Hal Bonner was changing planes in Atlanta. It was six in the morning and the plane that was to take him to Nashville was parked at the gate just about to start boarding. Hal was talking to a man in a brown corduroy suit. The man was red-haired and gangly and he had huge feet inside his huge wingtip shoes. His portable computer was perched on his lap and his fingers were still resting on the keyboard, but a few minutes earlier he'd stopped working on the memo he was typing. The man wasn't looking at Hal. He wasn't looking at his computer screen. He wasn't looking at anything at all. The gangly man hadn't so much as twitched since Hal started letting him know about the feeding practices of the bearded vulture of Eurasia.

How it lives on a diet of bone and marrow. How it spots a carcass from above, and circles in and lands, then waits patiently near the carrion while all the other jungle scavengers strip away the meat and gristle and lick up all the blood. When they're finished with their meal the bearded vulture hops forward to take his turn, and consume the skeletal remains.

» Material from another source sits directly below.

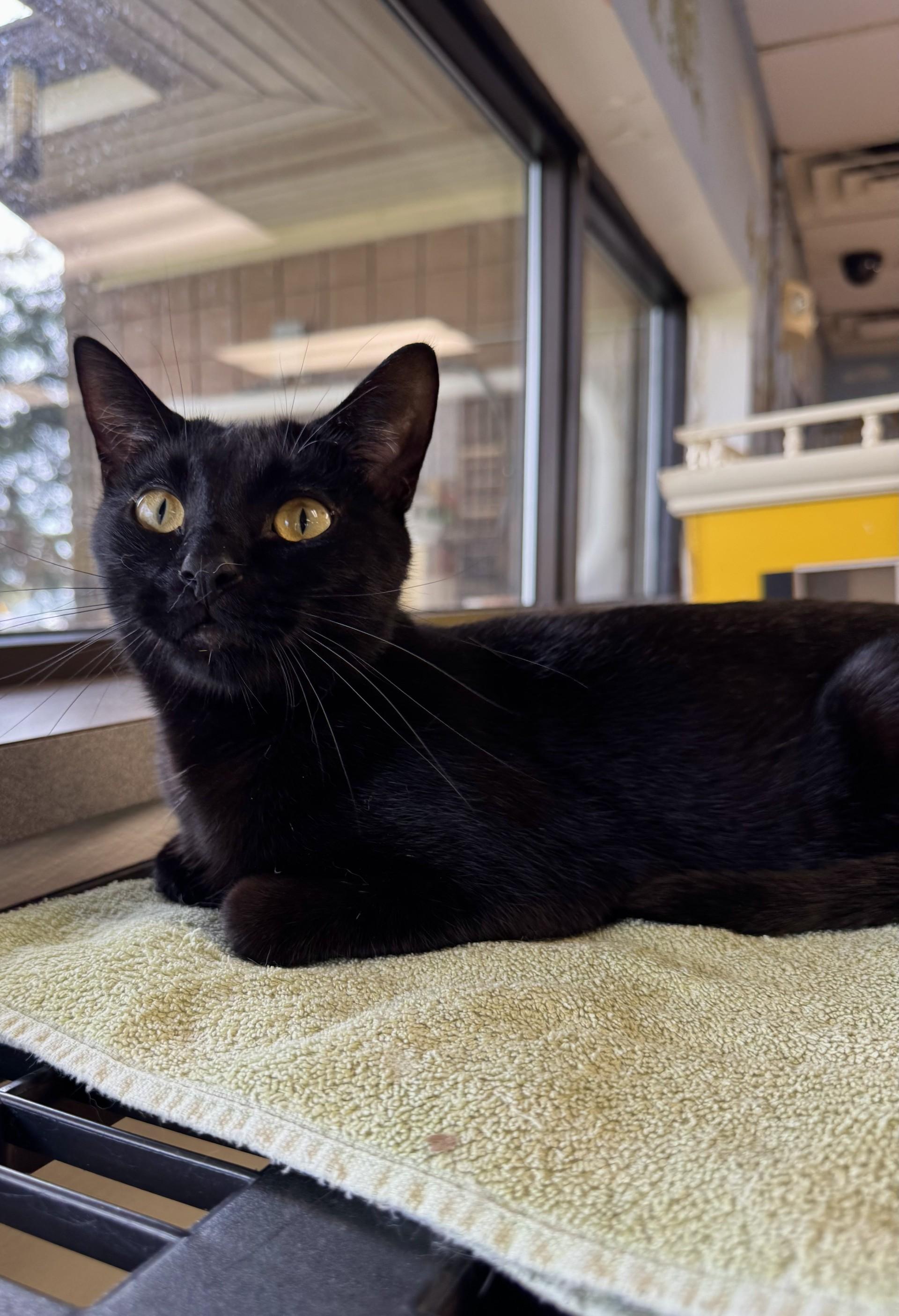 Enlarge Beck, a Adoptable Domestic Short Hair in Battle Creek, MI image 4/6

But the femurs of antelope or gazelle are not easy for a bird to crack open. So the bearded vulture had to discover a way to take advantage of the one skill that is his greatest strength—flying.

With a bone grasped in its talons, the bearded vulture flies around till it locates a slab of rock. Then after it gains a little altitude, it dives at the rock at speeds of more than fifty
miles an hour, turning away at the last second and letting the bone go so it smashes against the boulder. The vulture might have to repeat the trick two dozen times to pulverize a single bone. Though the splintered parts don't have to be all that small because the bearded vulture can swallow a ten-inch piece of bone without any trouble.